The Time Factor

As I am writing this we are about to shake up a traditional organization by means of an SAP implementation. Most of the times this is regarded as a pure software implementation: design the system, configure the system, test the system and roll it out. That is how most software engineers look at it and that is what traditional managers expect of it.

Only, with SAP it’s slightly different: since the software is supposed to administer the way you get your work done inside your organization it is quite instructive as to which standards, timings, methods and data you should manage from then on. Very soon you will find that it pretty much dictates your way of working – that is – if you want to get things done you better align to the ‘way of the system’.

I’ve facilitated about five SAP implementations before from the change management side and as I am embarking upon my sixth one I am starting to see the importance of the factor time. SAP brings with it a number of changes like: different working methods, different documents, a change in an organizational structure, a change in a procedure or a dramatic change of existing SLA’s (Service Level Agreements). Some of these changes are pretty easy to sell, but others a bit tougher.

In an earlier article I presented a framework for positioning the changes accoring to two dimensions: degree of behavior change and degree of WIIFM (‘What’s In It For Me’). I borrowed it from John Gourville (Harvard Business Review 2006). However, since this week I have a bit more clarity on how to use it.
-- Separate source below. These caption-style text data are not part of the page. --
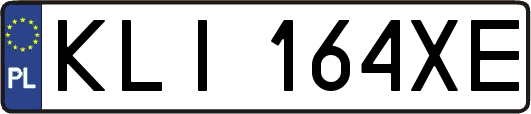 KLI164XE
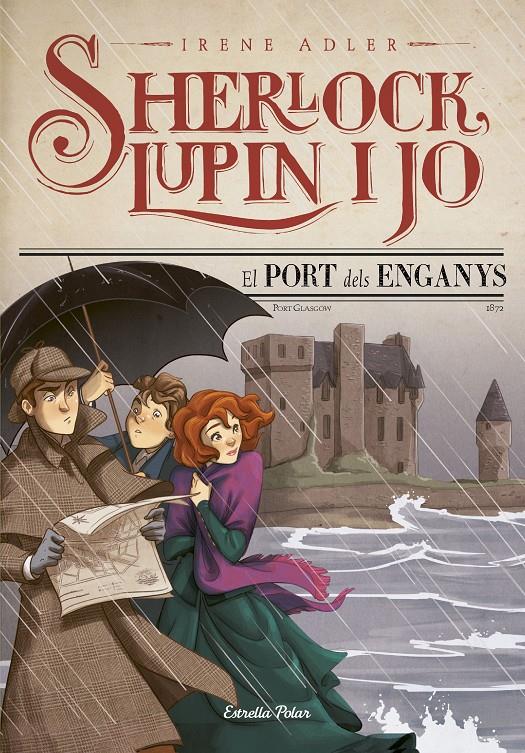 El port dels enganys (Sherlock, Lupin i jo #11) | 9788491373537 | Adler, Irene | Llibreria online de Figueres i Empordà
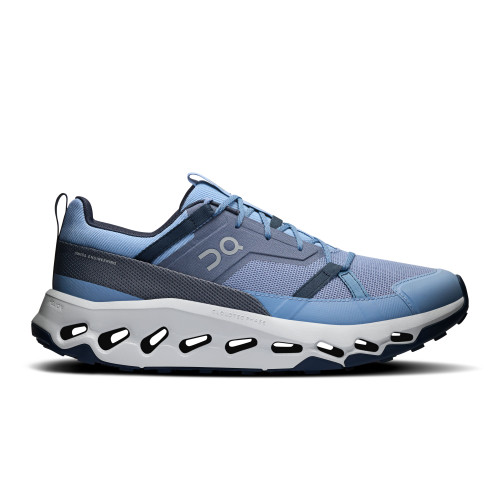 On Men's Cloudhorizon Hiking Shoes - - Chambray/Artic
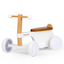 Ride-On Bike | White-Baby & Toddler-Moover- Tiny Trader - Gold Coast Baby Shop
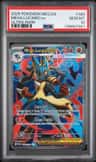 Mega Lucario Ex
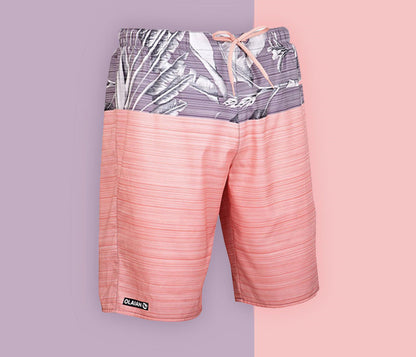 Surfing Beach Shorts Herren Schnelltrocknende Hot Spring Shorts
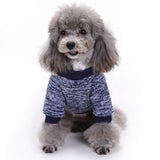 WARM STYLISH PET SWEATER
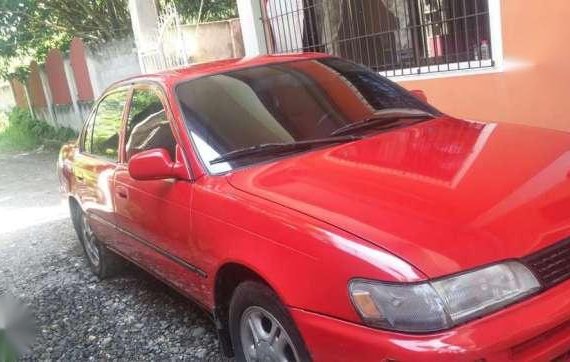 Toyota Corolla 1995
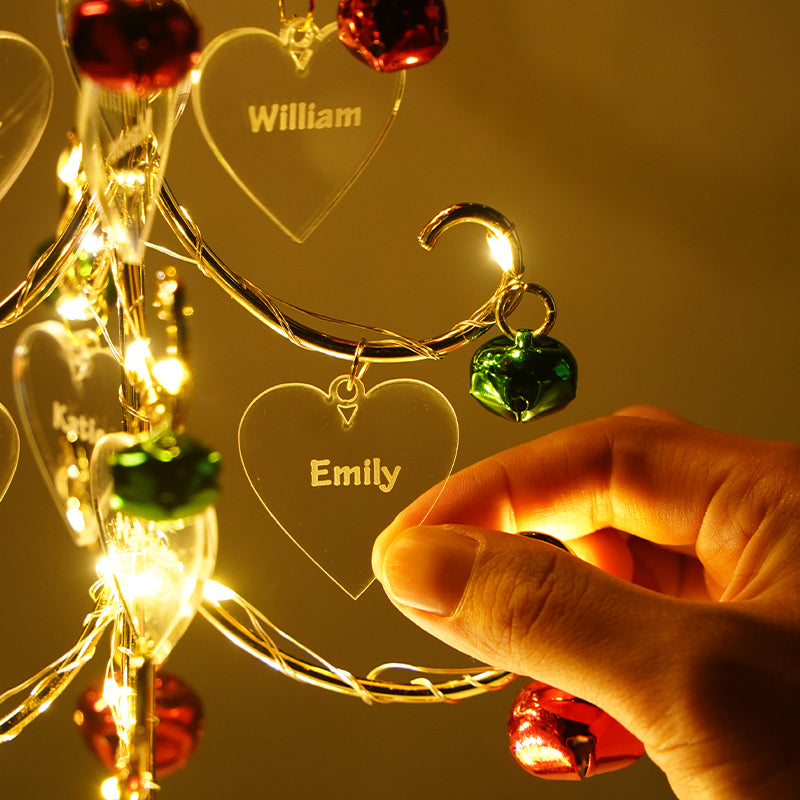 EverGleam – Beautiful decorative Christmas tree for magical and heartwarming Christmas moments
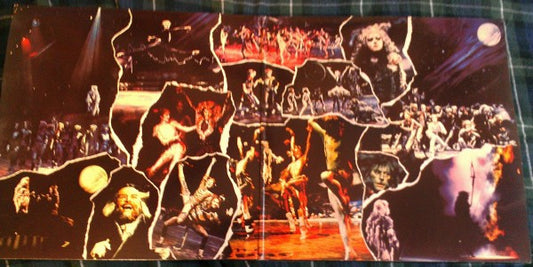 Andrew Lloyd Webber : Cats: Original London Cast Recording (2xLP, Album, Gat)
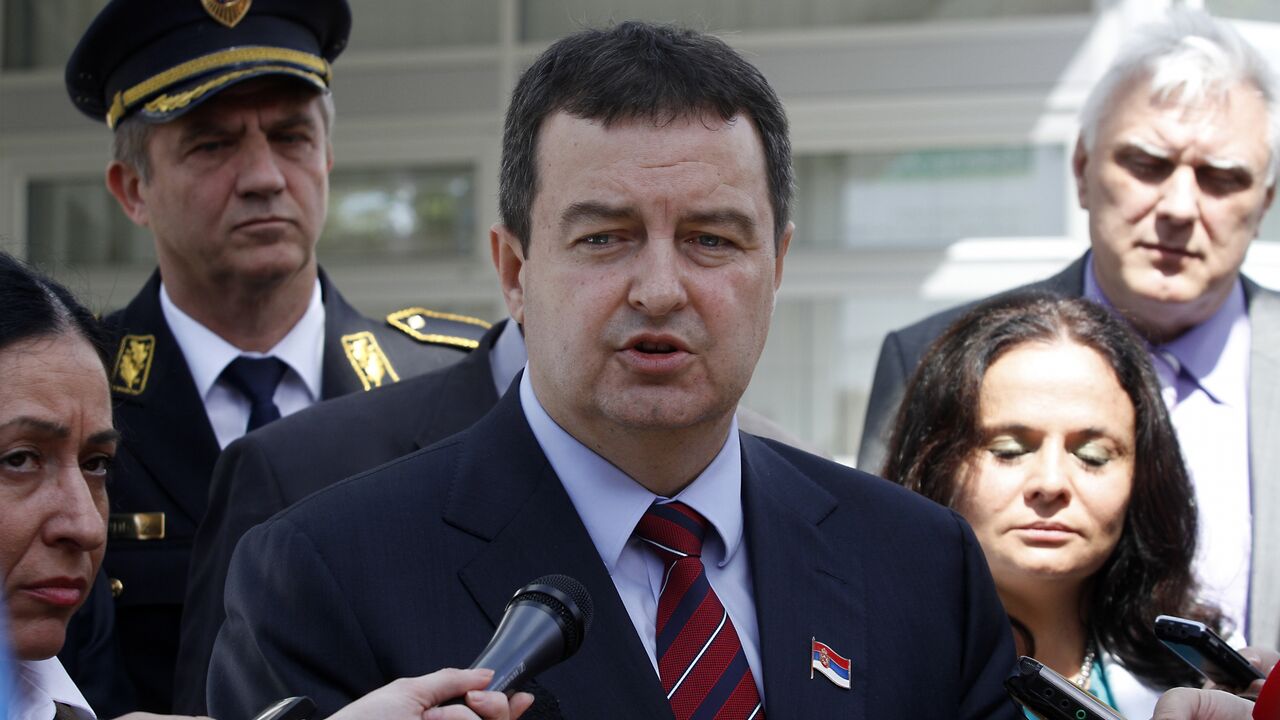 Ivica Dačić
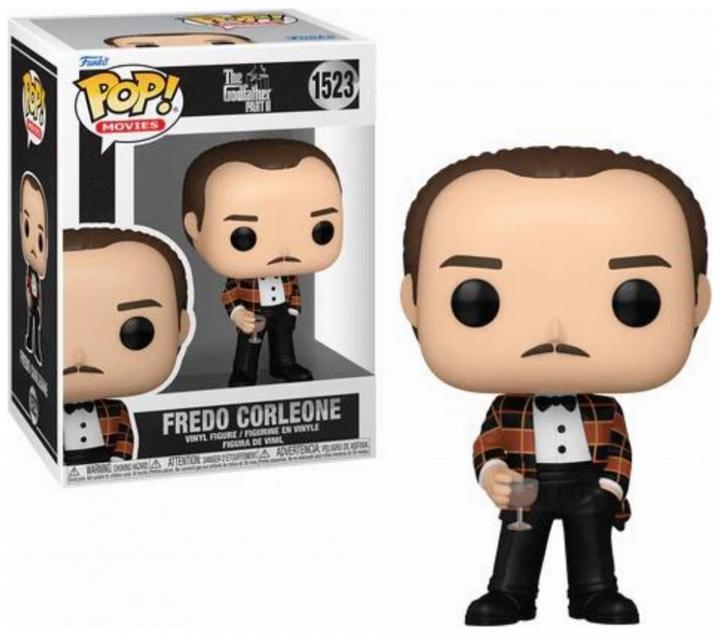 Produktbild Funko Der Pate POP! Movies Vinyl Figur Fredo Corleone 9 cm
As a starting point I make a big inventory of changes. There is no structured approach to doing that apart from keeping your ears open and being there when people start to worry about the future. This inventory always comes to the surface when ‘old’ meets ‘new’. Mostly a bunch of consultants and a bunch of dedicated business people work together in blueprinting sessions and design workshops. That is when these conversations happen and that is exactly when you should have your notebook ready. Soon you will have an inventory of changes.

Next, it is time to plot them on the Gourville matrix. As a consultant, you should resist the temptation to do this task by yourself. As part of the exercise you should ask the stakeholders (mostly SAP key users or process owners) to map the changes on this matrix. This is what Edgar Schein calls a ‘diagnostic intervention’. In other words: you are surveying the stakeholders but the dignosis itself is an intervention that triggers a change process: people are forced to start thinking about the changes in terms of ‘will we resist or not?’.

Finally, when all changes are plotted you are ready to prioritize the communication in terms of timing. ‘Rough spots’ and ‘Long Hauls’ will need a lot of context (i.e. why-communication) to settle in – and this takes time. The reason is simple: you are introducing a foreign element that will shake up the way things are.

So this is what I will be kicking off next week: harvest the inventory of changes. Having them plotted on the Gourville matrix and then get to the rough spots as soon as I can. People need the time to resist, to say ‘over my dead body’, to bargain and to come to terms with the new reality. Wish me good luck!